Federal Reserve Vice Chairman Donald Kohn Speaks on The Financial Markets
The Vice Chairman started the meeting explaining why the economy is doing what it is doing today and how it has done so in the past.
Just like every other period in financial turbulence, this one has been marked by considerable uncertainty. Central banks, authorities, and private-market participants have been forced to make decisions based on incomplete information and understanding. One of the consequences of running the market with this degree of uncertainty is that the rules and criteria for taking actions seem a lot clearer in textbooks or to many commentators than they are to decision makers. Kohn gave an example of this stating that “the extent to which institutions are facing liquidity constraints as opposed to capital constraints, or the moral hazard consequences of policy actions, are inherently ambiguous in real time.”

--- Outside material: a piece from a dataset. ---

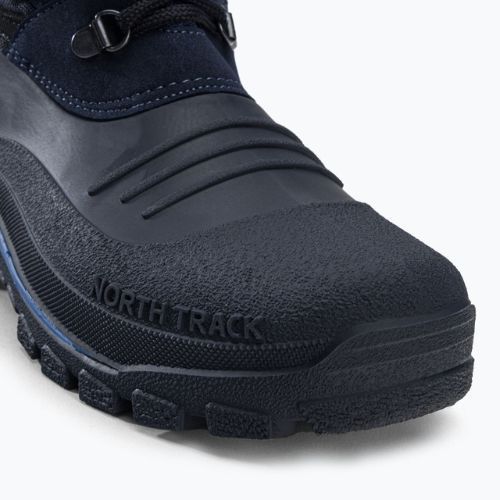 Vaikiški CMP Khalto sniego batai tamsiai mėlyni 30Q4684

Kohn also followed up explaining the moral hazard we have been experiencing as done previously by Frederick Mishkin in his speech about the subprime market. Moral hazard is created when individuals borrow money for investments where they stand to make a lot of money if the investment goes well, but if it doesn’t the bank bears most of the risk. Now why people should be bearing the responsibility for their poor judgment, it’s not beneficial to hold the economy hostage to teach a small segment of the population a lesson. Which is why the federal reserve has lowered rates two months in a row.